The market seems to have absorbed President Donald Trump’s Covid-19 diagnosis with little incident, but experts warn that any sudden or marked changes in the president’s condition in the waning days of a bruising campaign season could prove profoundly unsettling for investors.
When Trump tweeted in the early hours of Friday morning that he had tested positive for the virus, the stock market sank, with the Dow Jones Industrial Average falling 500 points. However, the market regained some of that ground by the end of the week on the assumption that a weaker-than-expected monthly jobs report would prompt Congress to come to an agreement on a new stimulus package.
There is little precedent for what happens next for a couple of reasons. “This is uncharted, for sure,” said Lawrence White, professor of economics at New York University. “I don’t think that the market cares a great deal about Donald Trump’s Covid problems — so long as they do not appear to be life-threatening.”
Many past presidential health crises have had little impact on the stock market. In part, this was because earlier administrations often sought to keep evidence that the president was ill under wraps — a feat largely possible in eras when methods of communication could take days or weeks and film or televised news didn’t exist.
Even later threats to presidents’ lives, though, didn’t roil markets over the long term. “The market shrugged off the wounding of Ronald Reagan in 1981,” White said. And although the S&P dropped by nearly 3 percent the day of John F. Kennedy’s assassination, it recovered that value in just two days.
“The market has been looking through bad news for months now,” said Dan North, senior economist at Euler Hermes North America. Wall Street’s resilience reflects the forward-looking orientation of the stock market, he said. “It looks through the current day into the future.”
Trump isn’t even the first president to fall ill during a pandemic: Woodrow Wilson contracted the Spanish Flu in 1919 and was severely ill — a fact that was hidden from the general public, as was Wilson’s stroke six months later. (The 25th Amendment, which outlines protocols in the event of a president’s incapacitation, wasn’t added to the Constitution until 1967.)
When Dwight Eisenhower suffered a heart attack in 1955, the market promptly plunged by some 6 percent — costing investors about $14 billion at the time (the equivalent of $135 billion today) before regaining the value it lost over the course of months.
During his lengthy convalescence and a subsequent intestinal operation, Eisenhower’s administration adopted a more forthcoming position. “Eisenhower had a heart attack and abdominal surgery and he took a totally different approach,” North said, which included detailed daily briefings on his health. “They had transparency.”
Conflict and confusion in reports coming from Trump’s medical team, the White House and the president himself make ascertaining his true condition somewhat of a guessing game. “It’s a little bit hard to know what you’re hearing from the doctors, Trump and the people around him — they’re almost certainly trying to paint a picture that’s a bit brighter than the reality of the situation,” North said.
The bigger issue is the looming election.

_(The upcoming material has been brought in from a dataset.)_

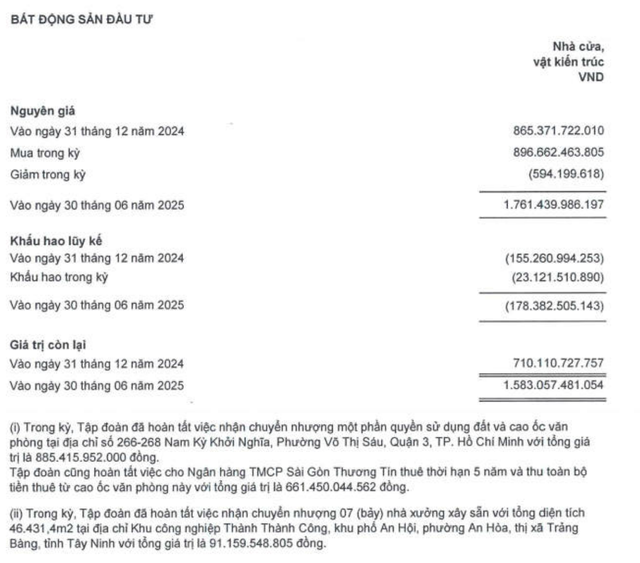 Cơ cấu bất động sản đầu tư của TTC Land tại thời điểm 30/6/2025.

With Election Day just four weeks away, questions are still swirling around how Trump will be able to safely campaign and debate. And, White said, should his health take a sudden turn for the worse between now and Nov. 3, investors should brace for chaos.
”If he were to be rushed back to Walter Reed, I think there would be a substantial adverse market reaction,” he said. “If he were to be more seriously stricken, then the issue of a… last-minute inability to run throws open all these cans of worms at the state level. It’s all of the uncertainty, and markets generally abhor uncertainty.”